The work done to pump all of the kerosene from the tank to an outlet is $W=45238.9\: J$

Step-by-step explanation:

The work is defined by:

$W=\int dFdx$ (1)

The force here will be the product between the volume and the kerosene weighing, so we have :

$dF=\pi R^{2}dy*50$

This force will be in-lbs.

Where R is the radius (3 feet)

Then using (1), we have:

$W=\int \pi R^{2}dy*50(8-y)$

Here 8-y is a distance at some point of the tank. Now, to get the work done from the base to the top of the tank we will need to take integral from 0 to 8 feet.

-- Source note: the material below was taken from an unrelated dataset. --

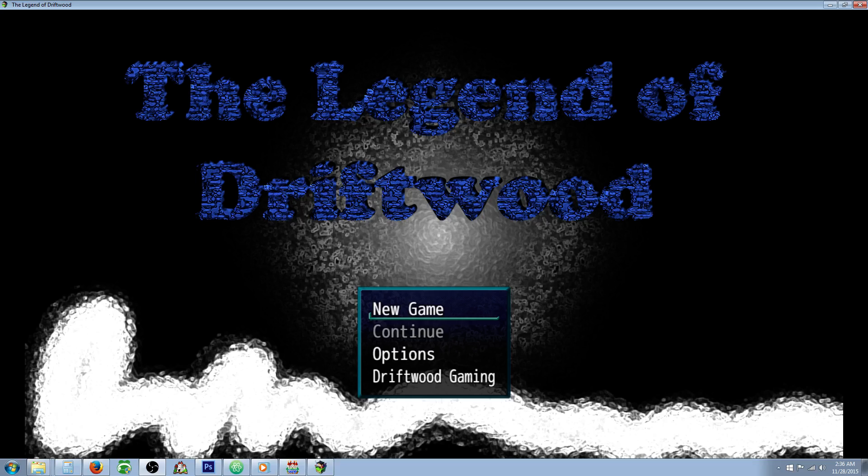Hello everybody, Drifty here from Driftwood Gaming and in this RPG Maker MV tutorial I'm going to show you how to make the song randomizer.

$W=\int_{0}^{8} \pi 3^{2}dy*50(8-y)$

$W=450\pi \int_{0}^{8}dy(8-y)$

$W=450\pi(\int_{0}^{8} 8dy-\int_{0}^{8} ydy)$

$W=450\pi(8y|_{0}^{8} -\frac{y^{2}}{2}|_{0}^{8})$

$W=450\pi(8*8 -\frac{8^{2}}{2})$

$W=450\pi(64 -\frac{64}{2})$

Therefore, the work done to pump all of the kerosene from the tank to an outlet is $W=45238.9\: J$

I hope it helps you!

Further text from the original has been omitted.